Ways to Strategically Recover from a Disaster

In the previous article: Understanding Gray Area Failure, we learned about what a Gray Area is, how does it come into existence, its consequent failures, and how we could potentially prevent such failures. But in reality, it is still a gray area and such unidentified or unattended gray areas could lead to failures that impact in such a way that we cannot recover in-place and have to fail over to another Availability Zone or Region, in order to maintain the availability of the services offered to our clients. Following are the empirically devised strategies to recover from a disaster.

Disaster Recovery Strategies

All the strategies involve a non-zero RPO due to the loss of data in replication asynchronously. Therefore, ensuring that the disaster recovery is not triggered based off of a false positive event of impact is vital.

Active/Passive paths are more cost effective.

Following are the 2 most important factors to consider while choosing a DR strategy.

RPO – Recovery Point Objective – The amount of tolerance to data loss the system can allow between the recovery point and the last good state.

RTO – Recovery Time Objective – The amount of time between, unavailability of the system and the restoration point. Tolerance toward downtime of the service.

The recovery strategies can be broadly classified into 2 groups:

Active/Passive – where there is a failover from one resource group to another; while only one of them are completely active and are taking the workload to process. Hence the name, active/passive.
Active/Active – where there is no failover per say. Both the resource groups (regions/clusters/availability zones) take the workload on to process.

Following are the active/passive disaster recovery strategies in an increasing order of cost and decreasing order of performance factors such as RTO and RPO.

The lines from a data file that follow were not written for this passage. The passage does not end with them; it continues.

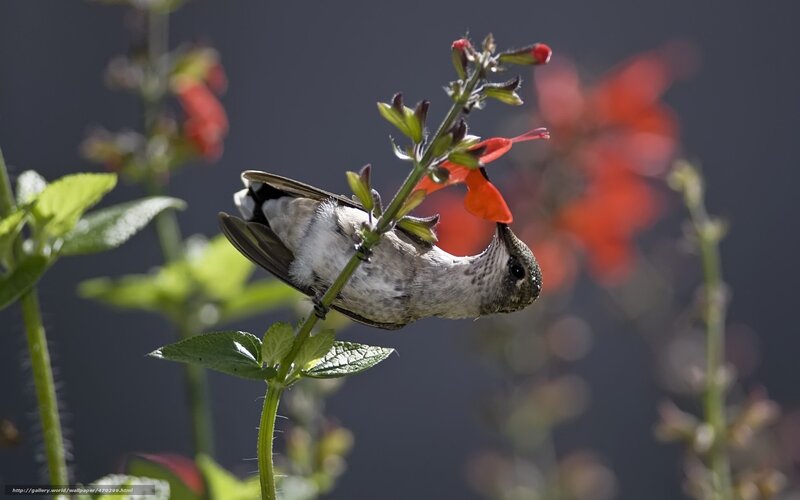 hummingbird on a flower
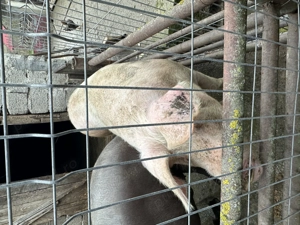 Vând porc  - imagine 4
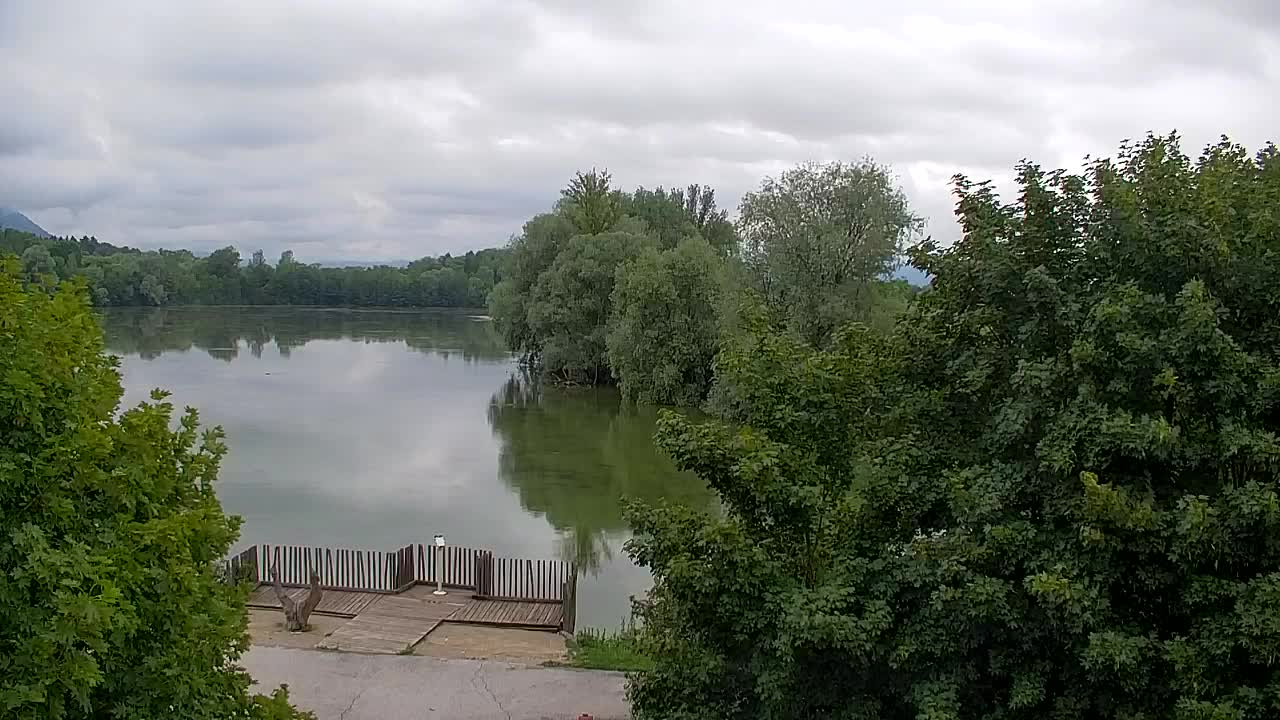 Webcam Ribnik Vrbje – Žalec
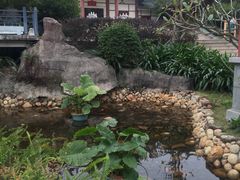 -江门古兜温泉小镇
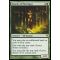 Oracle of Mul Daya Thumb Nail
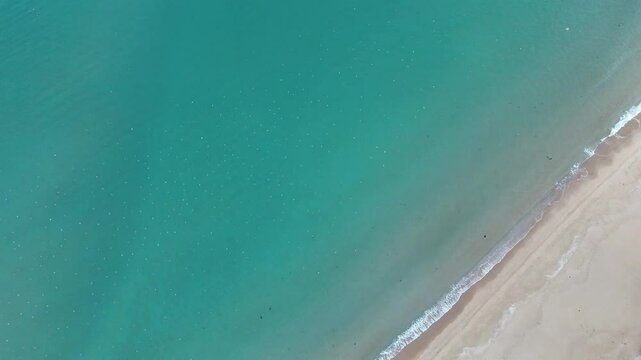 sea, waves, beach, sand, vacation, bird, holiday,바다,파도,해변,모래,휴가,새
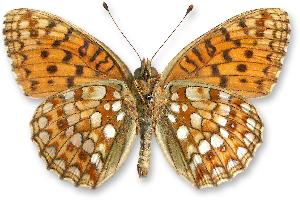 Argynnis niobe_samiec_spod.jpg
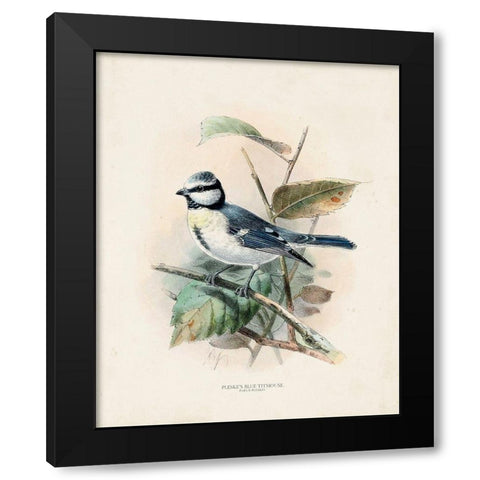 Antique Birds VI Black Modern Wood Framed Art Print with Double Matting by Unknown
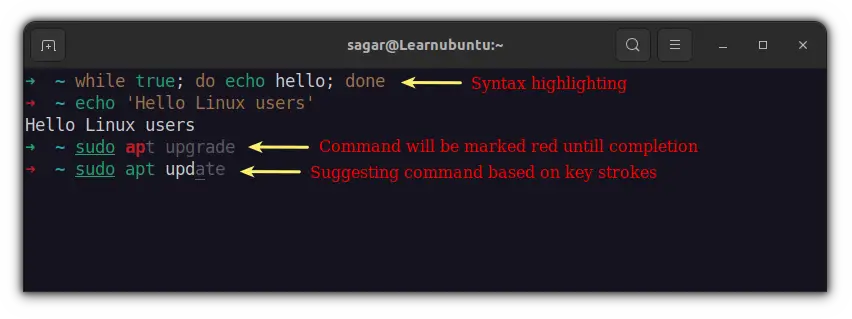 zsh syntax highlighting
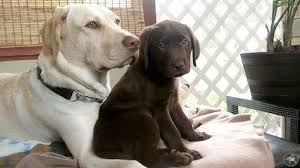 Black And White Labrador Retriever Puppies It S A Lab Thing Labrador Retriever Labrador Dog Labrador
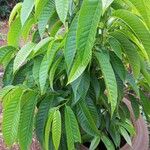Annona reticulata Hoja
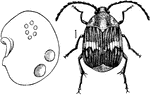 "Spermophagus pectoralis: weevil at right; Mexican bean at left showing: below, holes made by beetle in egress: above, a group of eggs." -Department of Agriculture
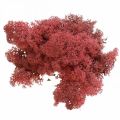 Floristik24 Decorative moss for handicrafts Red colored natural moss in a 40g bag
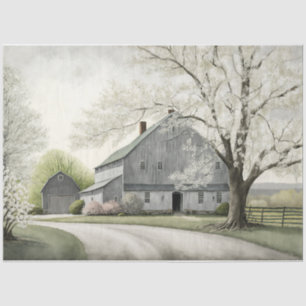 A spring Barn Tissue Paper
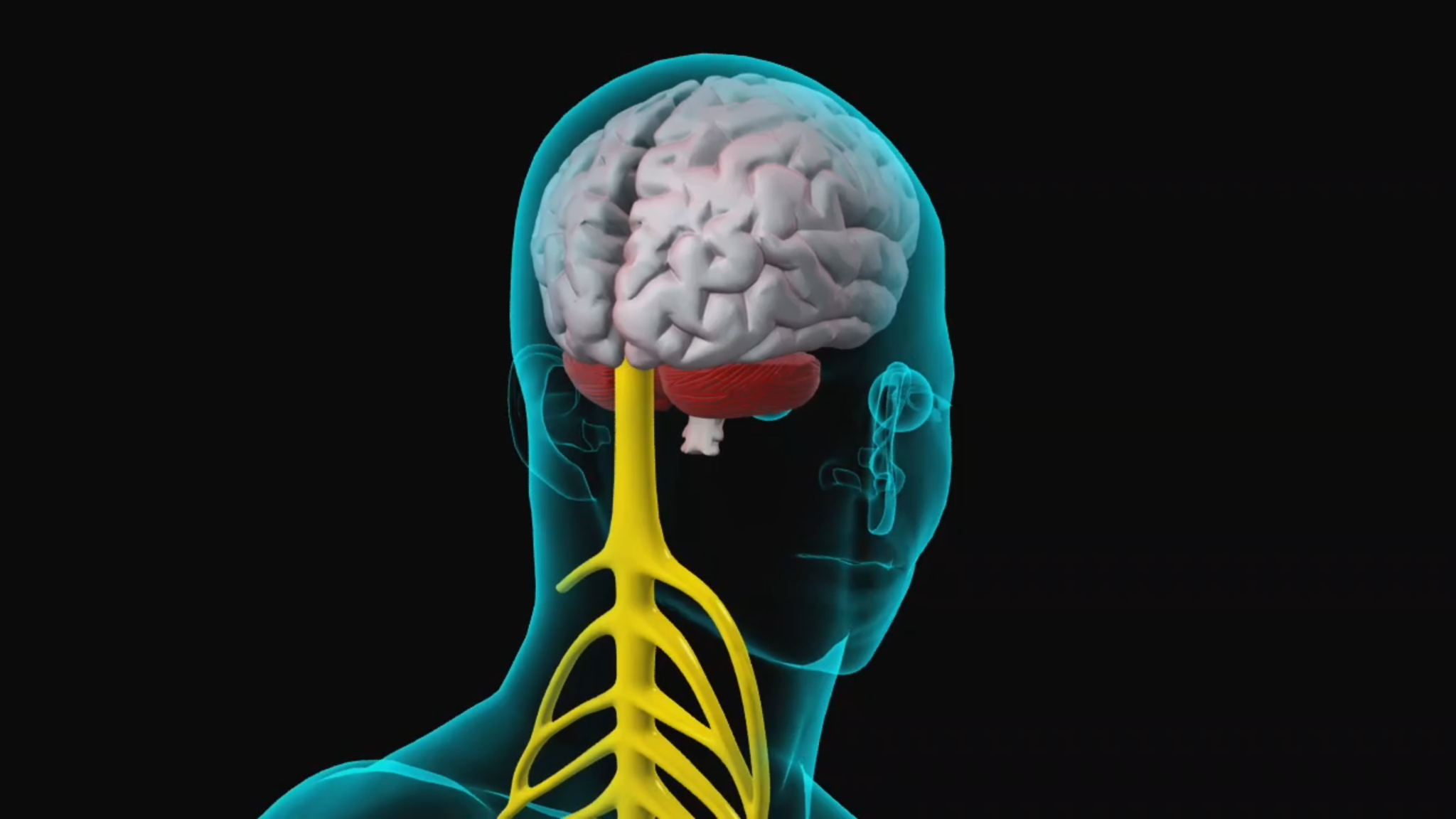 3D Medical Animation - Human Nervous System - Centre for Informatics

Backup & Restore – Most cost effective solution. But is time consuming. Longer down times and poorer RTOs. Alongside of backing the data up to prevent any data loss, the infrastructure, configurations, and app code need to be deployed on the recovery region, which is time consuming. And has to be done to result in a same setup as that of the original Region. Hence, Infrastructure as a Code is the best way to get a repeatable infrastructure.
S3 object versioning with a continuous backup would help protect against data loss due to corruption or destruction, giving the shortest time to back the data up === low RTO
Also the object versioning protects against unintentional data loss due to threats or malicious modifications or inadvertent deletions.
RPO/RTO : HOURS
Pilot Light – Involves replication of data from one region to the other and provisioning a copy of core workload infrastructure.
– Data replication resources such as databases, object storage are always on. While the app servers are loaded with app code but are idled/switched off and are only used during testing or when disaster recovery failover is invoked. Always ready to switch things on and provision a full scale production environment.
– Infrastructure, configurations, app code and the data are all readily available unlike the backup & restore approach where the re/deployment is time consuming to be brought back up in the same order (especially with large sets of microservices)
Here the main time consumption is in bringing the app servers back up.
RPO/RTO – 10(s) of minutes.
Warm Standby – this approach ensures that there is a scaled down, but a fully functional copy of your production environment in another region. Infrastructure, configuration and app code are all deployed but are scaled down to take a limited workload on, but are readily scalable and only take minutes to scale out as the scaling is horizontal.
AWS Accelerator, CloudFront etc., can be used to control the request routes through network layer so that the requests do not go to the affected region. Best if it is a fully managed service which is in the region affected so that AWS’ aforementioned reliable services can be used for a Disaster recovery.
RPO/RTO: minutes
Multi-site active/active (most expensive) – Both the regions take requests/load.
There is no failover in this scenario as both the regions take the workload.
Therefore, for active/active strategy, there would be policies that determine which user request goes to which region.
RPO/RTO: real time

For reads – it is usually recommended to go with “read-local” approach.
For writes – there are a few possible strategies to choose from

– write-global: all the writes go to a single region. If this region fails, another regions starts accepting writes. Aurora global database is a good fit as it supports synchronization with read-replicas across regions, while the write is directed to one global aurora table. This table further syncs with the read-replicas across regions. And, any of these read-replicas can be promoted to take read/write responsibilities in under a minute. Aurora also supports write forwarding. This allows forwarding of write calls or SQL statements in a secondary cluster to perform it on a primary cluster.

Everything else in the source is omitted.